Di tengah gemuruh baliho, spanduk, dan safari politik para calon kepala daerah, sebagian warga memilih diam. Mereka tidak datang ke forum diskusi, tak tertarik pada janji-janji manis, dan enggan terlibat dalam obrolan seputar visi-misi. Bagi mereka, pemilu adalah ritus rutin yang jarang menyentuh kenyataan hidup sehari-hari.
Namun, apakah sikap apatis ini sepenuhnya keliru?
Sebagian rakyat merasa kecewa karena politik lokal kerap diwarnai dengan “budaya sowan saat butuh suara”, lalu melupakan rakyat setelah menang. Siklus ini membuat banyak orang kehilangan kepercayaan. Pemimpin datang membawa janji, lalu pergi membawa kepentingan.

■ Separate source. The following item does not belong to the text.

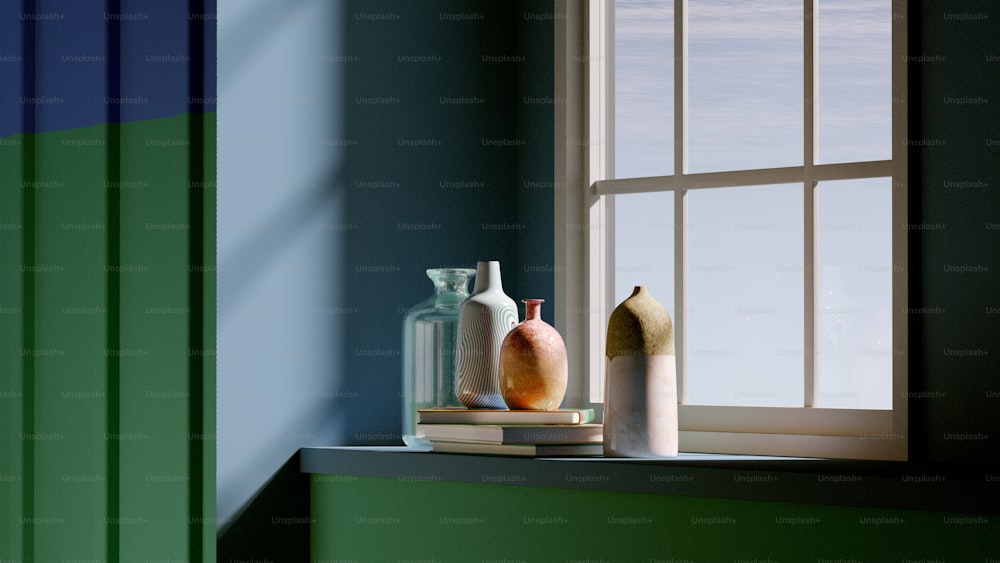 un rebord de fenêtre avec deux vases et un livre dessus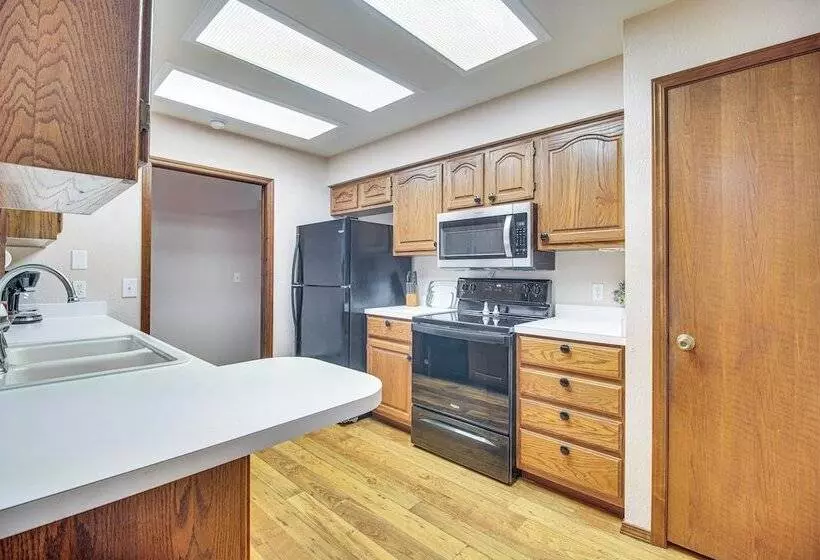 Hillcrest Hideaway  Grove Home ~ 1 Mi To Launch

Meski demikian, menilai seluruh proses secara hitam-putih tentu tidak adil. Di balik segala keluh-kesah, sebenarnya ada dinamika yang layak untuk dilihat lebih jernih. Kehadiran para calon ke masyarakat, meskipun sering dibingkai secara elektoral, tetap memiliki nilai positif. Ia membuka ruang perjumpaan, pertukaran gagasan, bahkan potensi kolaborasi.

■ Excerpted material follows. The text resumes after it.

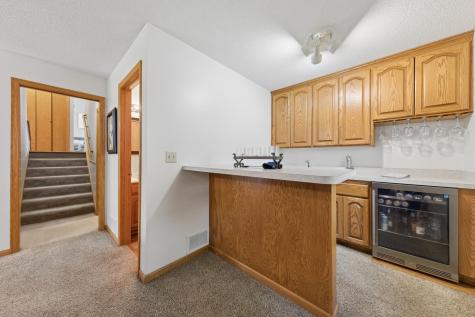 8922 Quinwood Lane N Maple Grove MN 55369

Sebagian warga mulai memahami bahwa dalam realitas politik hari ini, “mencari panggung” adalah hal yang lazim. Tidak ada yang salah dengan memperkenalkan diri, membangun jejaring, atau menyusun strategi kampanye. Justru dari proses itulah rakyat dapat menilai mana calon yang hanya menjual pencitraan, dan mana yang benar-benar peduli dan berkomitmen.
Artinya, keterlibatan warga dalam proses politik tidak selalu harus melalui dukungan mutlak atau fanatisme. Bisa juga melalui sikap kritis dan aktif mengamati, mengajukan pertanyaan, dan menagih janji meskipun dari posisi yang sederhana.
Kekuasaan seharusnya bukan sekadar alat untuk mencapai jabatan, tapi instrumen untuk mengawal idealisme
Dalam konteks ini, rakyat tidak boleh berhenti peduli. Karena apapun hasil Pilkada nanti, dampaknya akan kembali ke kehidupan mereka dari harga bahan pokok, layanan kesehatan, hingga kebijakan tenaga kerja. Ketika rakyat abai, ruang itu akan diisi oleh kepentingan yang tidak berpihak.
Maka, meskipun hari-hari kita dihabiskan sebagai buruh, petani, pedagang, atau mahasiswa, suara kita tetap berharga. Kita tidak perlu menjadi politisi untuk berpolitik. Cukup dengan tetap peduli, kritis, dan tidak menyerahkan harapan begitu saja kepada sistem yang kita tahu masih cacat.
Karena politik yang baik hanya mungkin lahir dari rakyat yang tidak menyerah pada apatisme, dan pemimpin yang tidak mengorbankan idealisme demi kekuasaan.